* What the task asks *
Transcribe exactly the entries from the "18k Real Diamond Necklace Set JG-1903-2339" line to the end, both included, minus pictures.

Short text fragments from websites
===
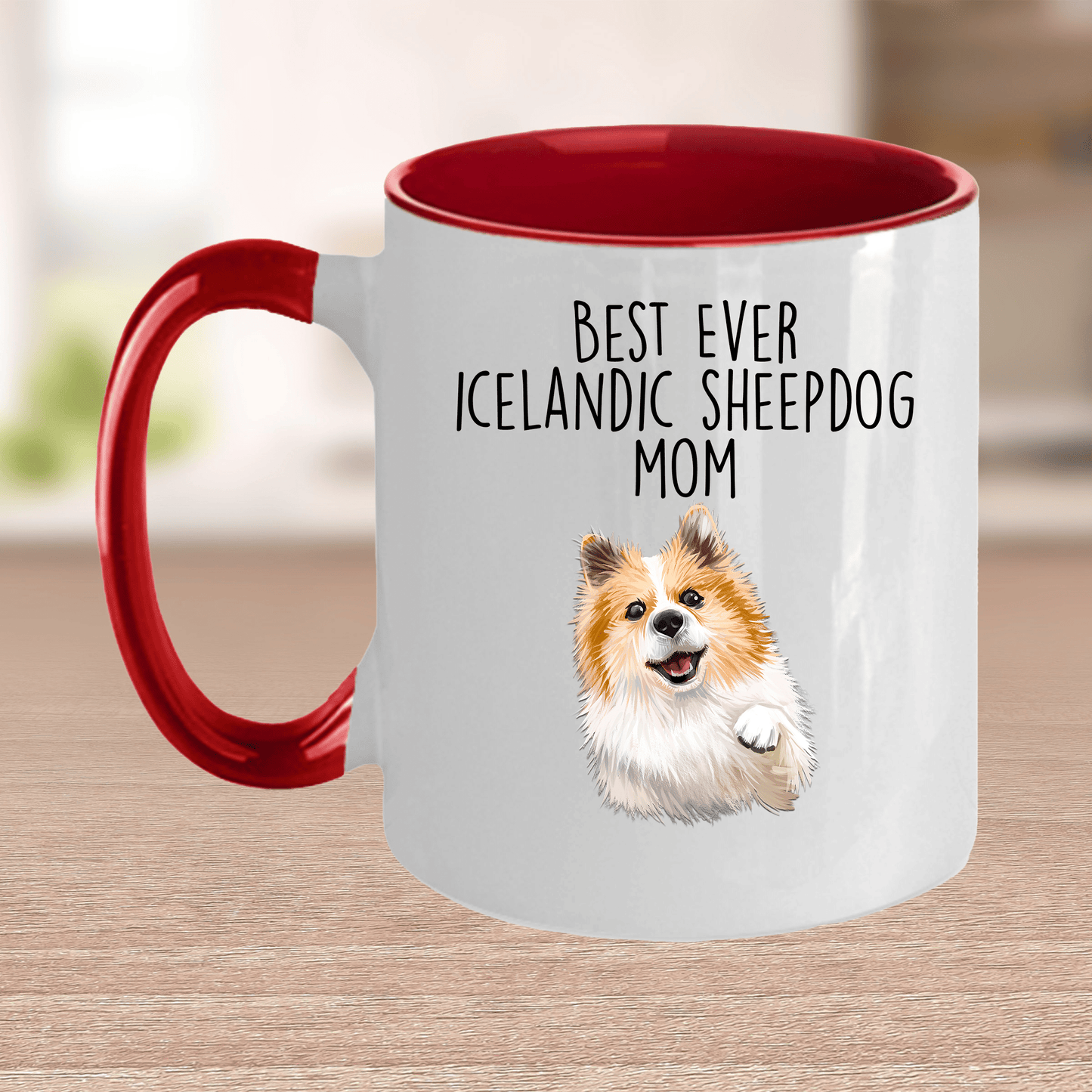 Icelandic Sheepdog World's Best Dog Mom Ceramic Coffee Mug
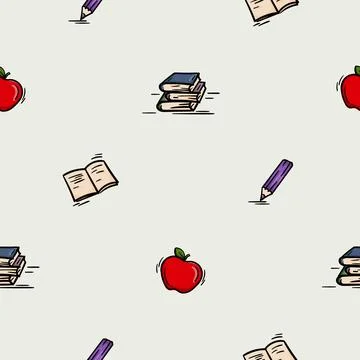 Seamless pattern with textbooks, notebook, apple Stock Illustration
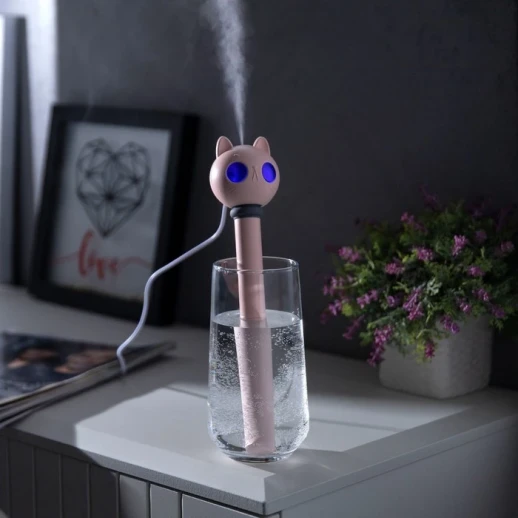 Увлажнитель воздуха "Кот" HM-22, ультразвуковой, погружной, портативный, USB, розовый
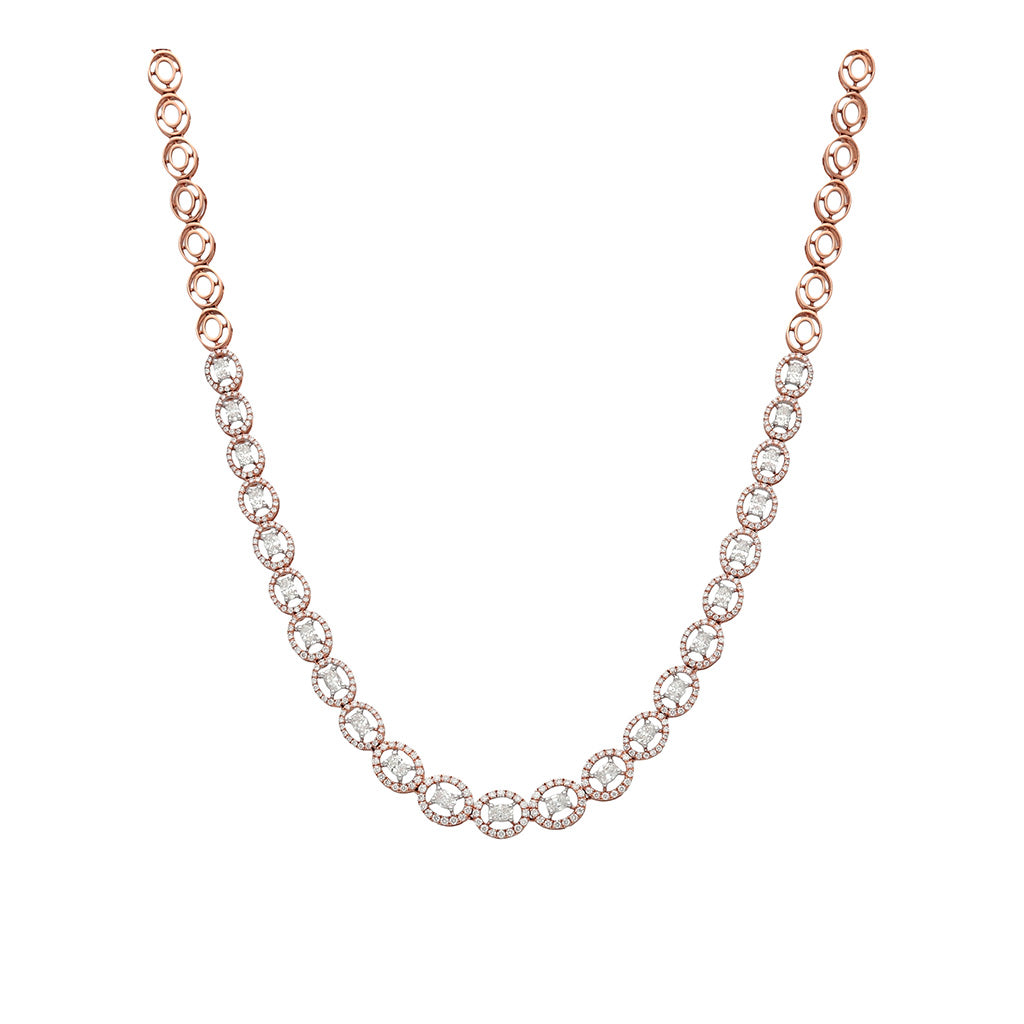 18k Real Diamond Necklace Set JG-1903-2339
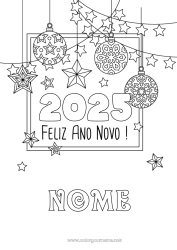 Desenho grátis Festa Guirlanda de Natal Feliz Ano Novo Mensagem de 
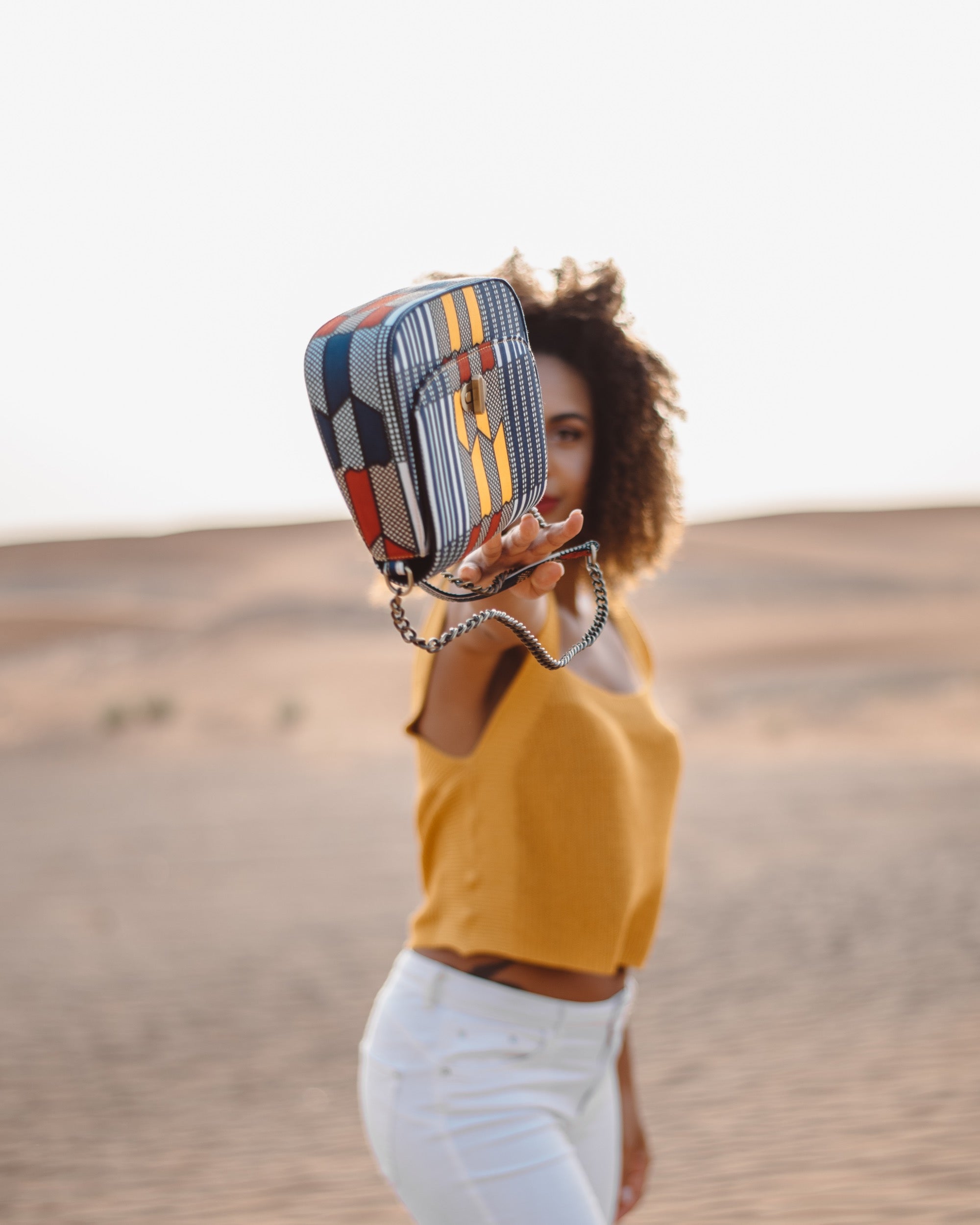 THEMBEKA | Blue Kente Style Ankara Crossbody Bag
===
* Solution to this task *
 18k Real Diamond Necklace Set JG-1903-2339
 Desenho grátis Festa Guirlanda de Natal Feliz Ano Novo Mensagem de 
 THEMBEKA | Blue Kente Style Ankara Crossbody Bag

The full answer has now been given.